*About this task*. Starting with the line that has "Abbie raises a cup for kids" in the records below and stopping after the line that has "Vue intérieure côté", output every line exactly and nothing else; skip pictures.

*Recorded data*.
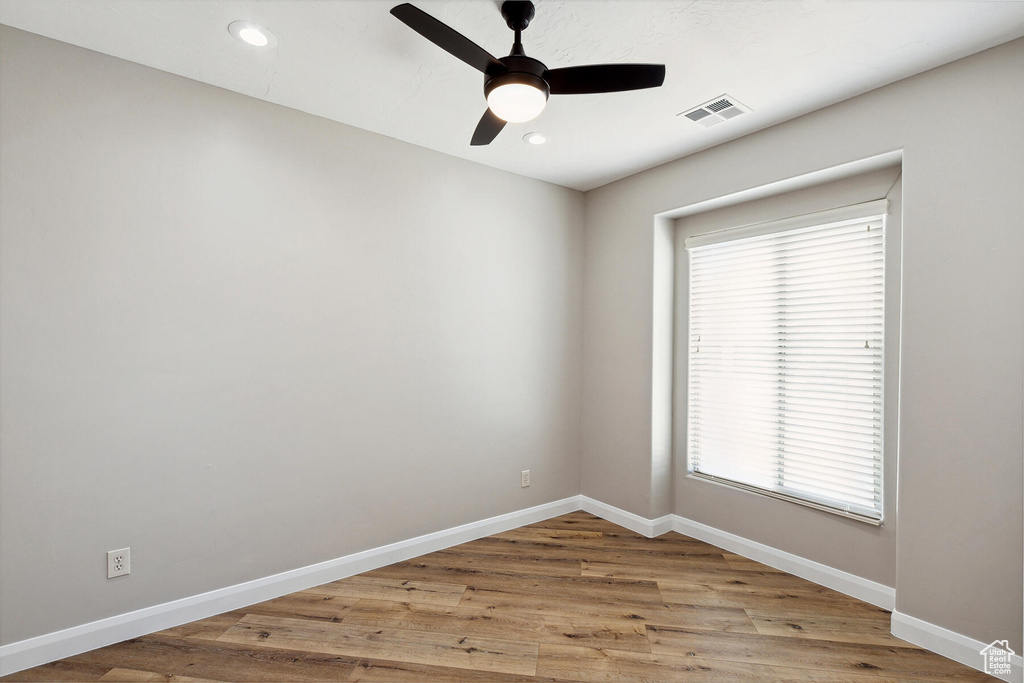 Unfurnished room featuring ceiling fan, a wealth of natural light, and wood-type flooring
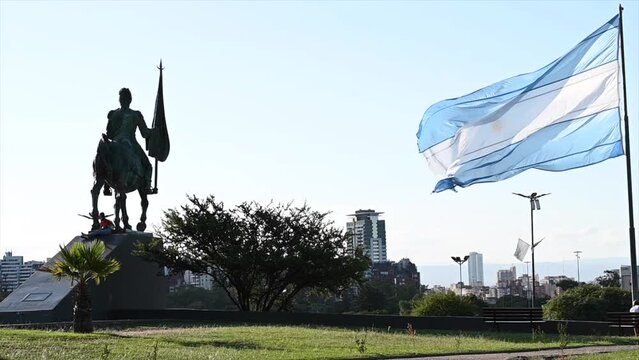 Argentine flag fluttering in slow motion in the wind with statue of Manuel Belgrano
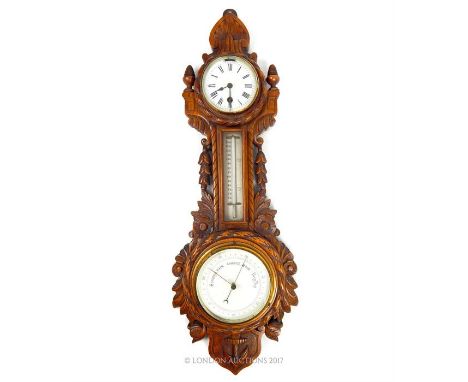 An early 20th century carved oak barometer, the enamelled dial of the clock decorated with Roman Numerals, the frame carved w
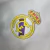 cortavento-cortaventodetime-laliga-championsligue-viniciusjr-rodrygo-edermilitao-modric-camavinga-adidas-realmadrid-santiagobernabeu-cortaventorealmadrid-cortaventorealmadridbranco-branco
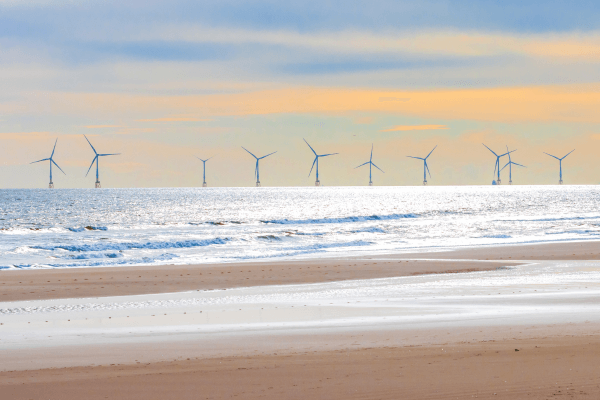 a beach with an offshore windfarm in the distance.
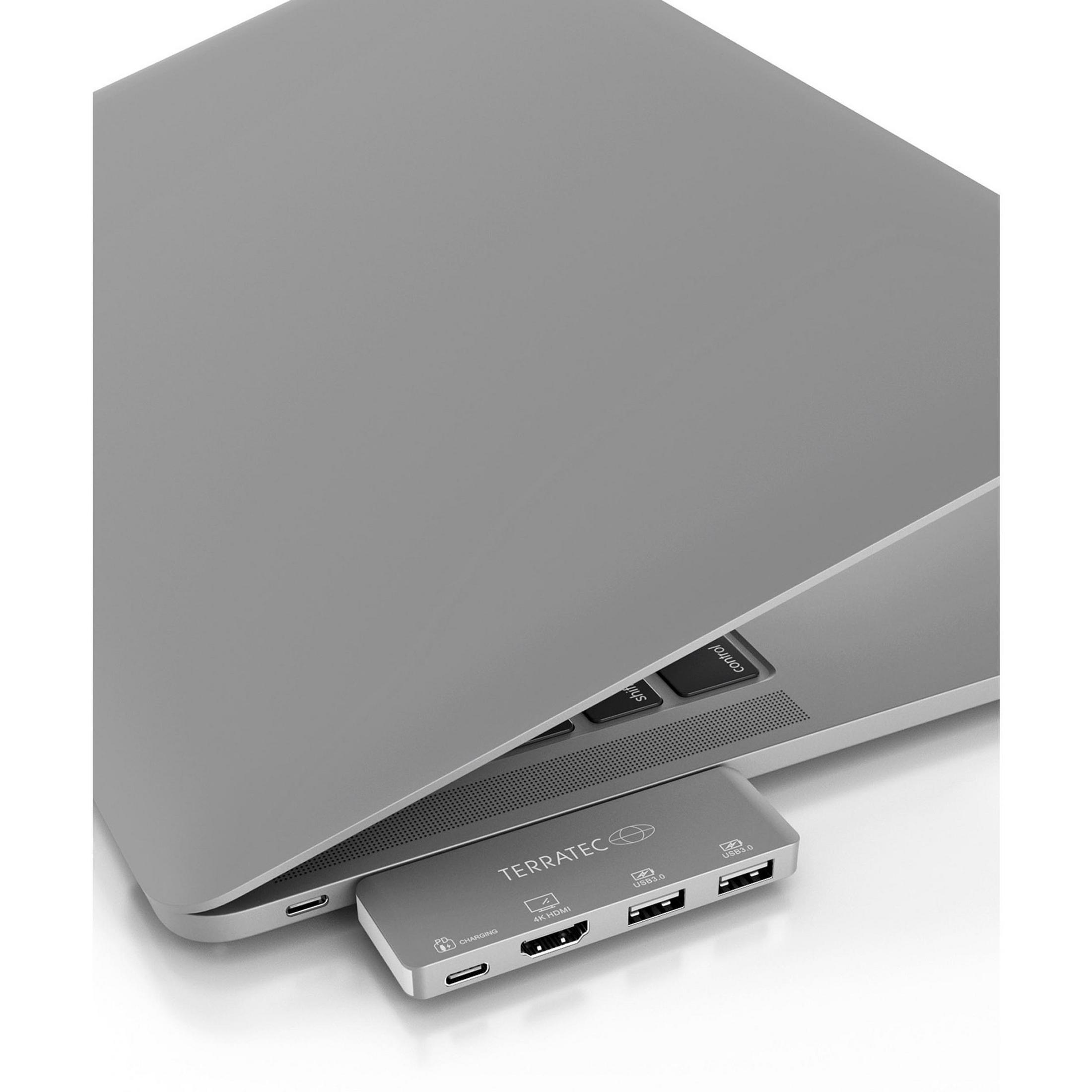 Ein silberner Laptop mit angeschlossenem grauem TERRATEC USB-Hub. Der Hub hat mehrere Anschlüsse.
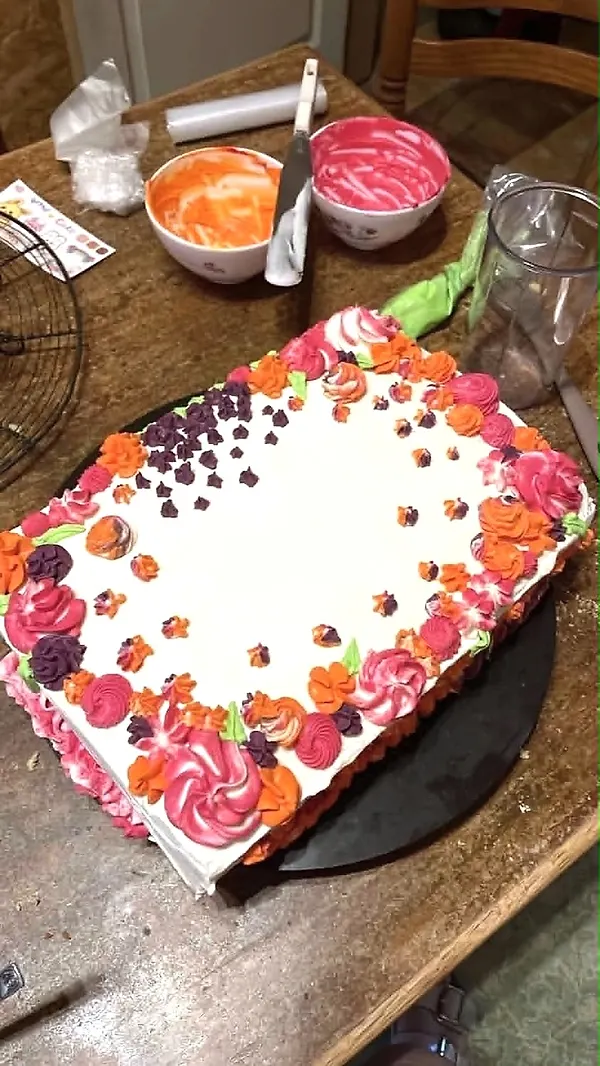 Gâteau rectangulaire couvert de fleurs en crème au beurre colorées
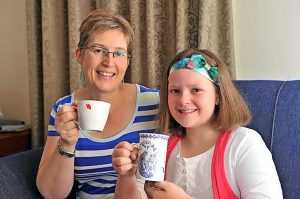 Abbie raises a cup for kids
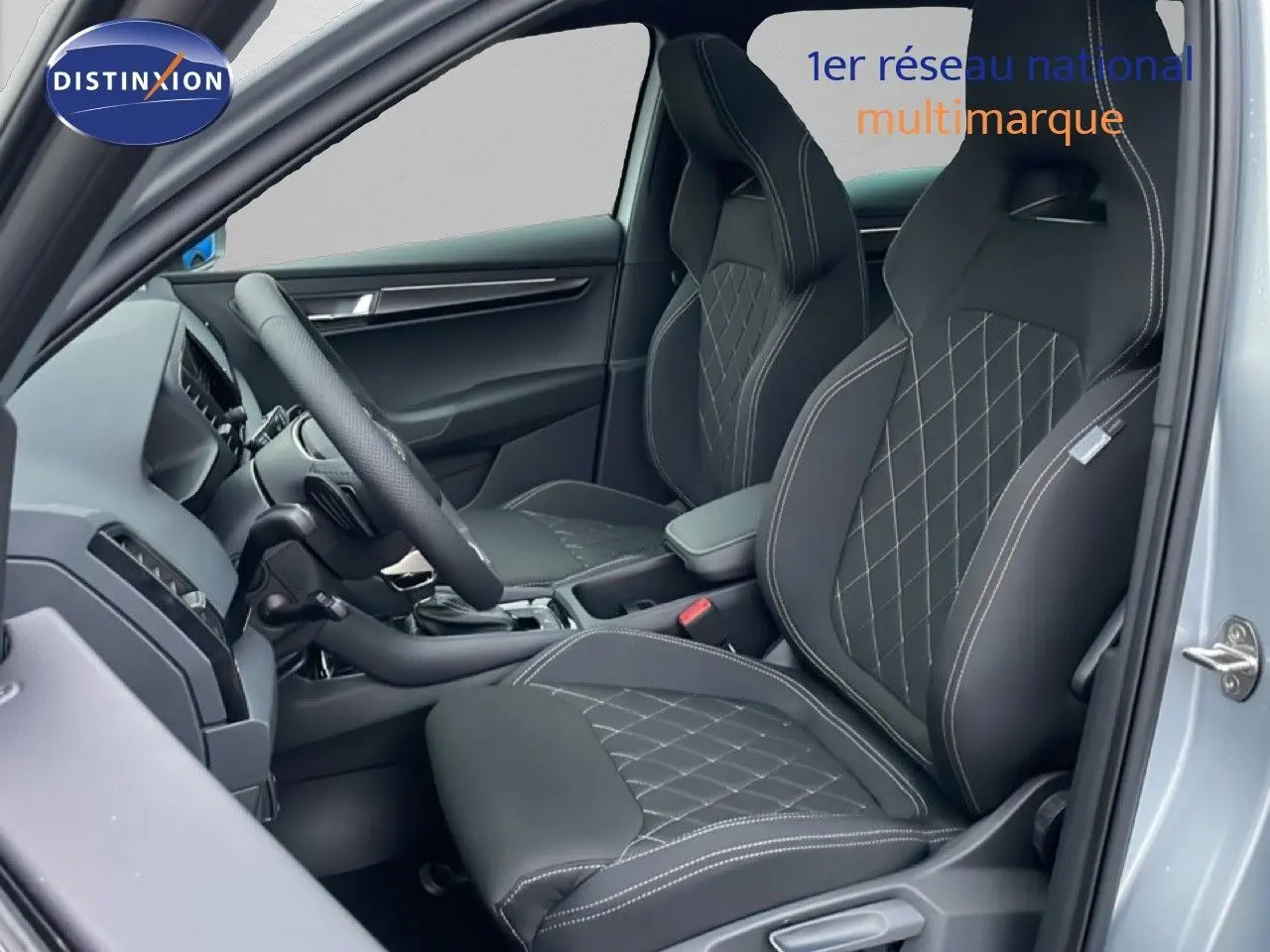 Vue intérieure côté conducteur du Skoda Karoq gris argent, sièges sport en tissu noir avec surpiqûres blanches.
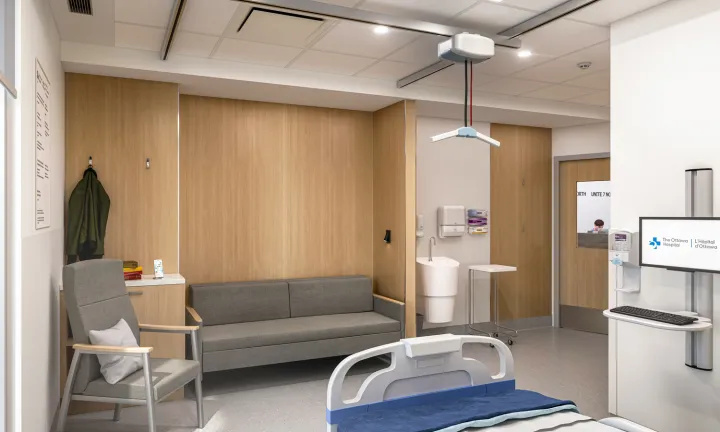  An artist rendering of the inside of a patient room at The Ottawa Hospital’s new campus from the perspective of one corner of the room next to the patient bed. Moving left to right on the opposite wall of the room, there is a chair and sofa, a sink, a computer monitor and keyboard next to a hand sanitizer dispenser. A door to the room includes a window showing a member of hospital staff in the hallway. 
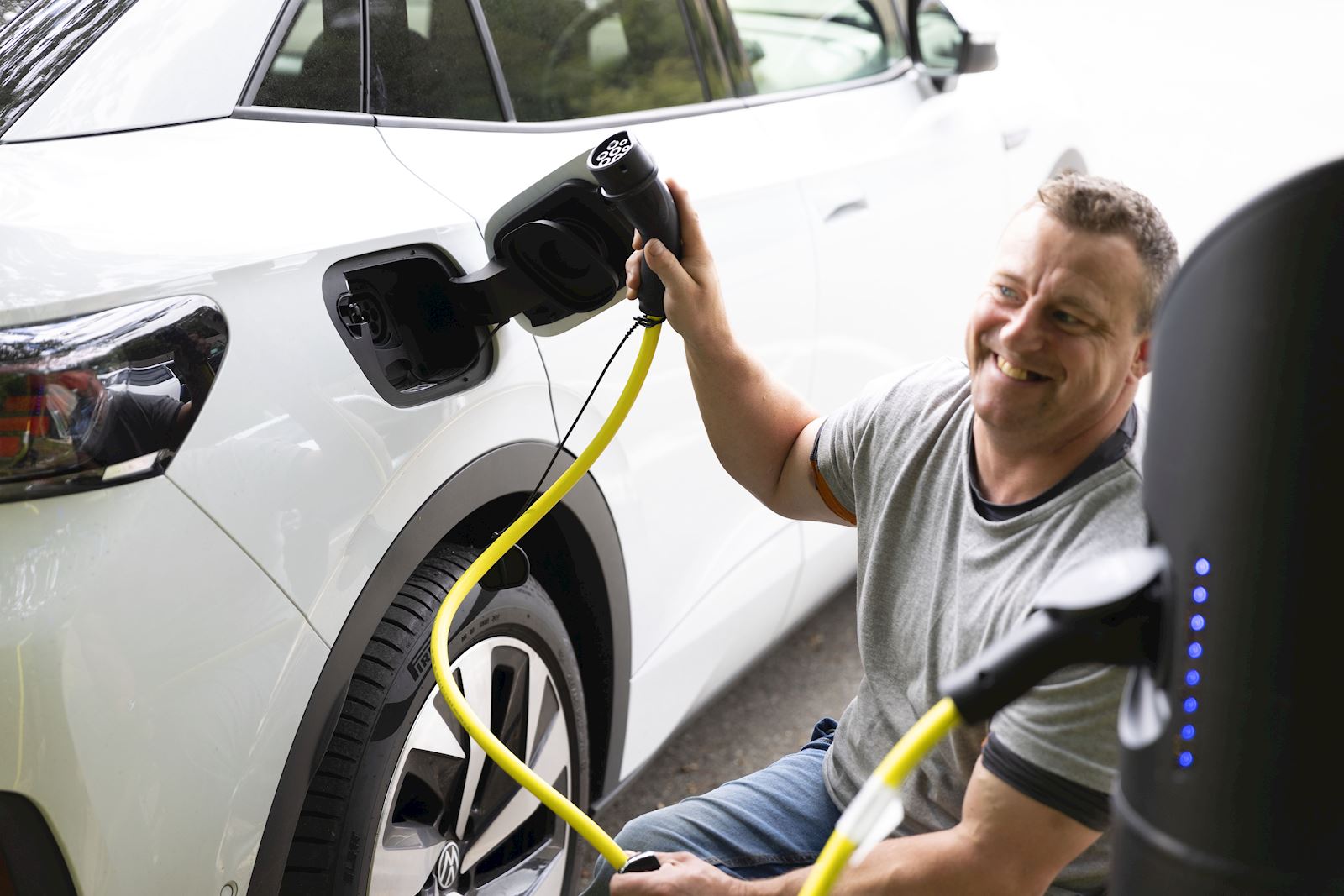 A man happily charging his EV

*Exercise result*.
 Abbie raises a cup for kids
 Vue intérieure côté conducteur du Skoda Karoq gris argent, sièges sport en tissu noir avec surpiqûres blanches.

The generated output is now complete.